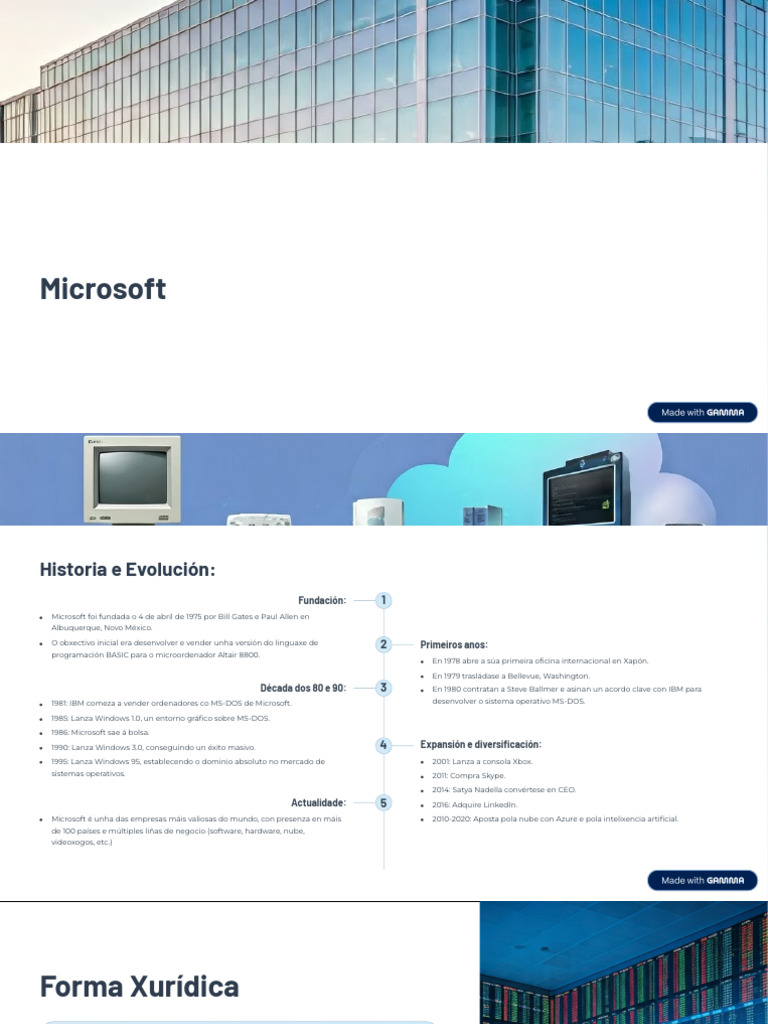 Microsoft | PDF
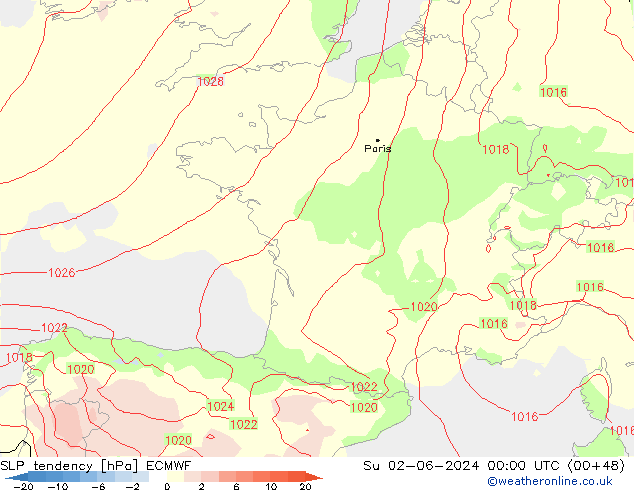   ECMWF  02.06.2024 00 UTC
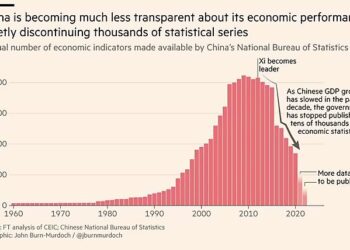 Dwindling Chinese Economic Information Is Par for the Authoritarian Course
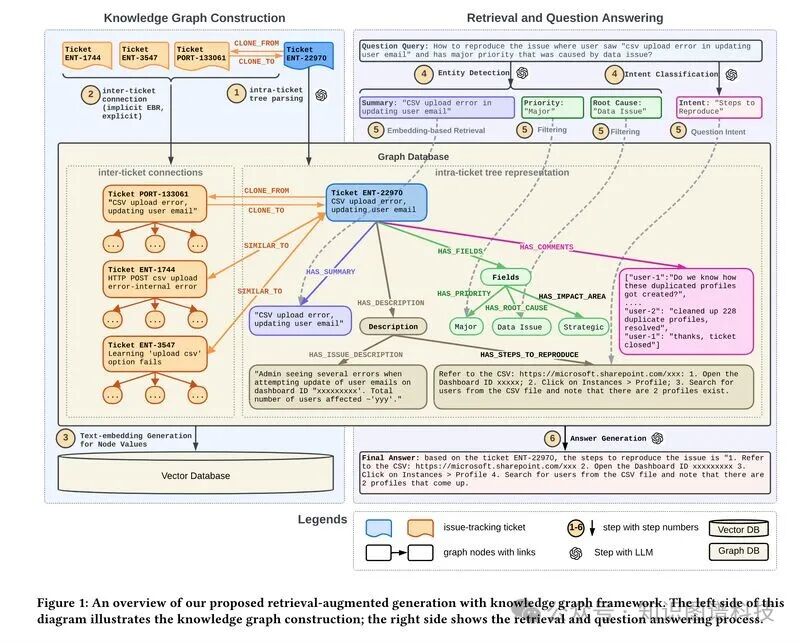 Linkedin的GraphRAG客服问答系统实践 配图 2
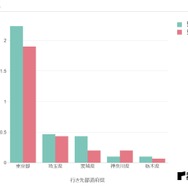 5月4日、千葉県発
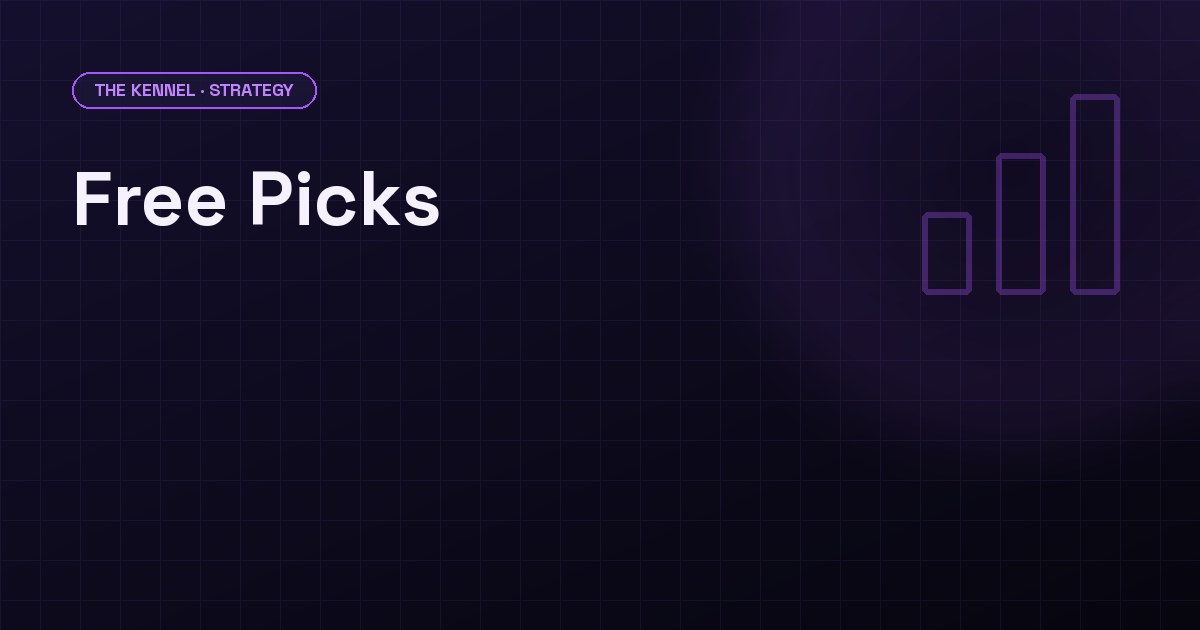 Free picks: a 50% win rate feed shows a profit after 20 picks 41% of the time, and a 55% feed shows a loss 41% of the time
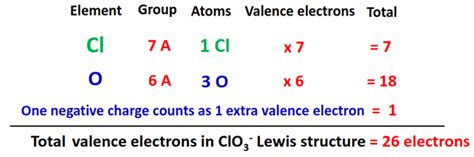 Clo lewis structure valence electrons.  Hello Guys! A step-by-step method ...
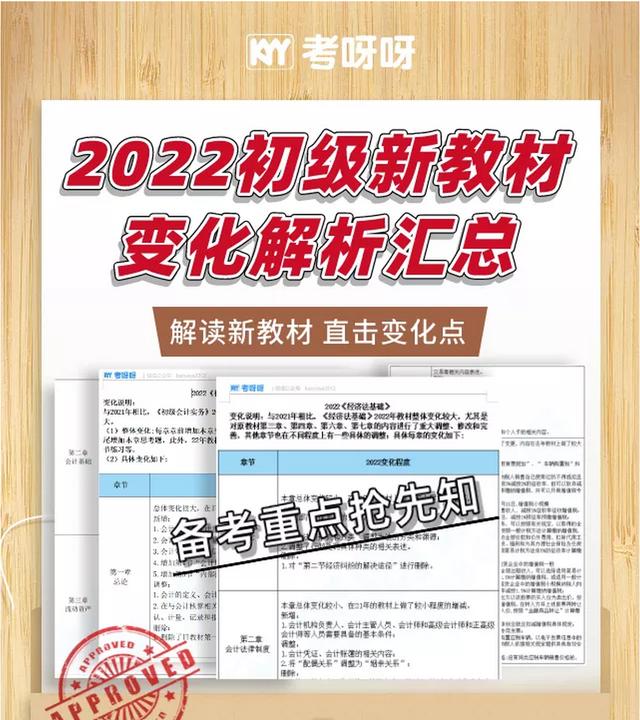 2022年初級會計教材目錄（2022年初級會計官方教材公布）6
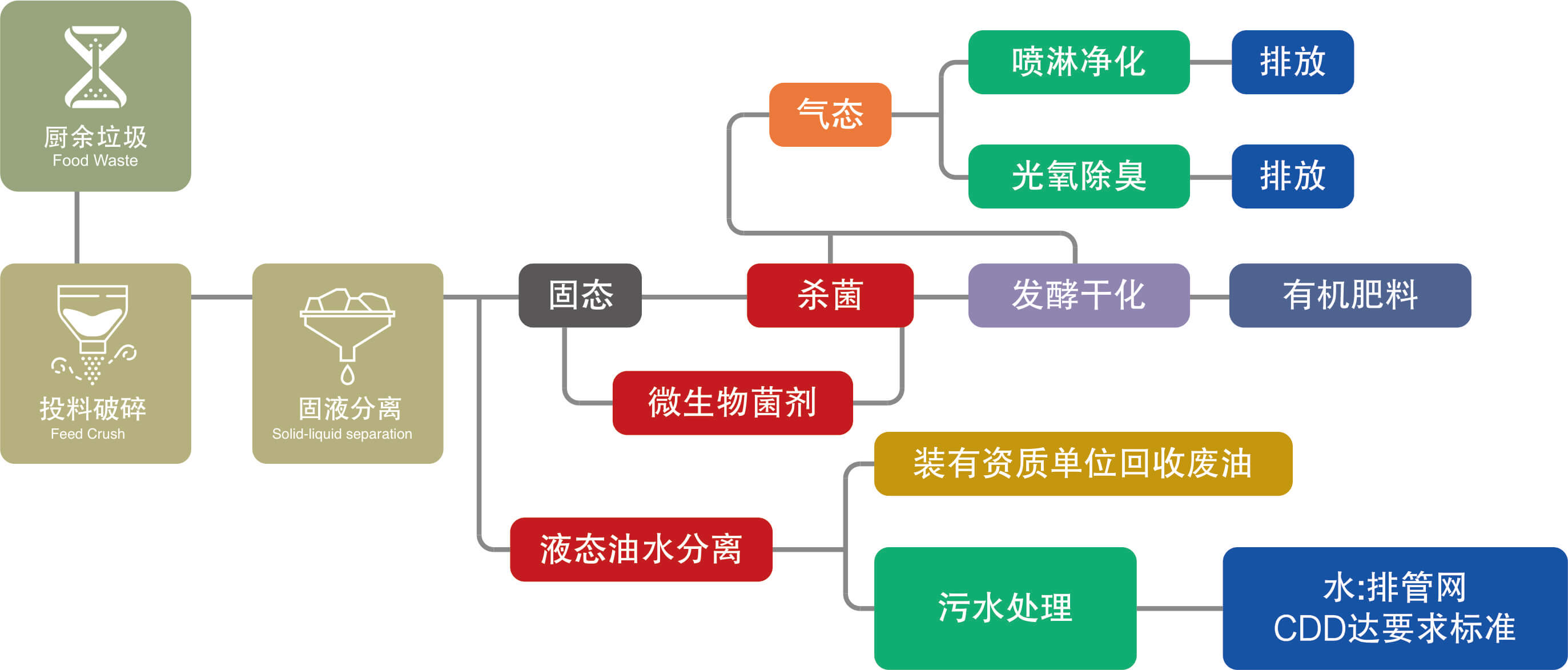 餐廚垃圾處理 餐廚垃圾處理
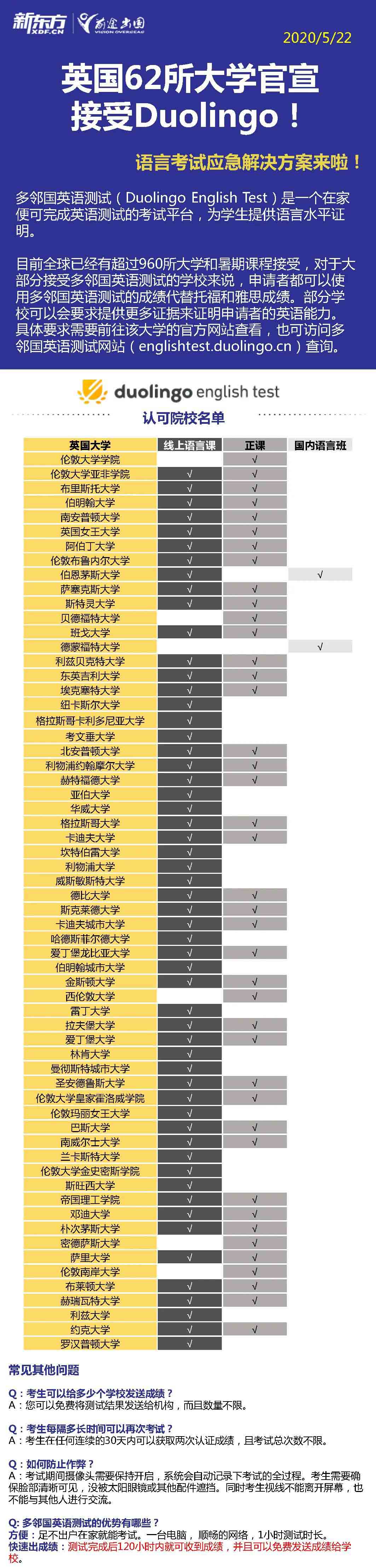 6月雅思/托福/GRE/GMAT官宣确认取消! 6月雅思/托福/GRE/GMAT官宣确认取消!
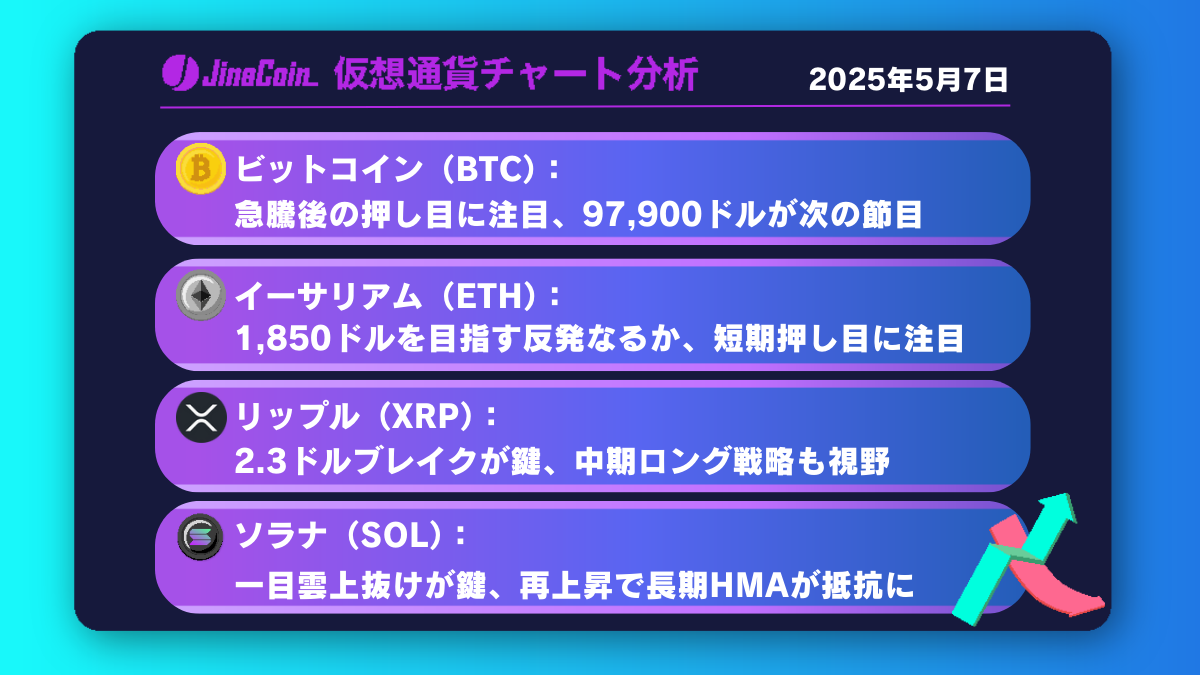 ビットコイン、テクニカルは上昇継続を示唆──FOMCで地合い一変も【仮想通貨チャート分析】BTC、ETH、XRP、SOL2025年5月7日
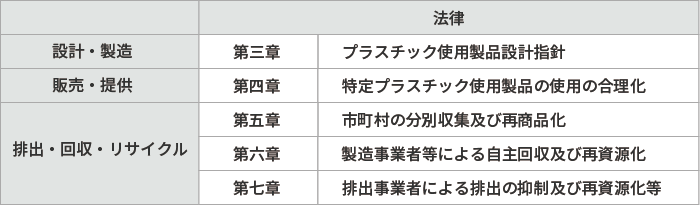 法律の概要（設計・製造／販売・提供／排出・回収・リサイクル）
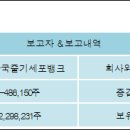 (주)한국줄기세포 이미지
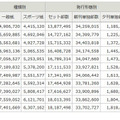 新聞の発行部数と世帯数の推移 新聞の発行部数と世帯数の推移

──────────

§ Task requirements: In the copy, include exactly the lines from the one with "餐廚垃圾處理 餐廚垃圾處理" through the final line of the entries above, both ends counted, and no pictures.

§ Written answer:
 餐廚垃圾處理 餐廚垃圾處理
 6月雅思/托福/GRE/GMAT官宣确认取消! 6月雅思/托福/GRE/GMAT官宣确认取消!
 ビットコイン、テクニカルは上昇継続を示唆──FOMCで地合い一変も【仮想通貨チャート分析】BTC、ETH、XRP、SOL2025年5月7日
 法律の概要（設計・製造／販売・提供／排出・回収・リサイクル）
 (주)한국줄기세포 이미지
 新聞の発行部数と世帯数の推移 新聞の発行部数と世帯数の推移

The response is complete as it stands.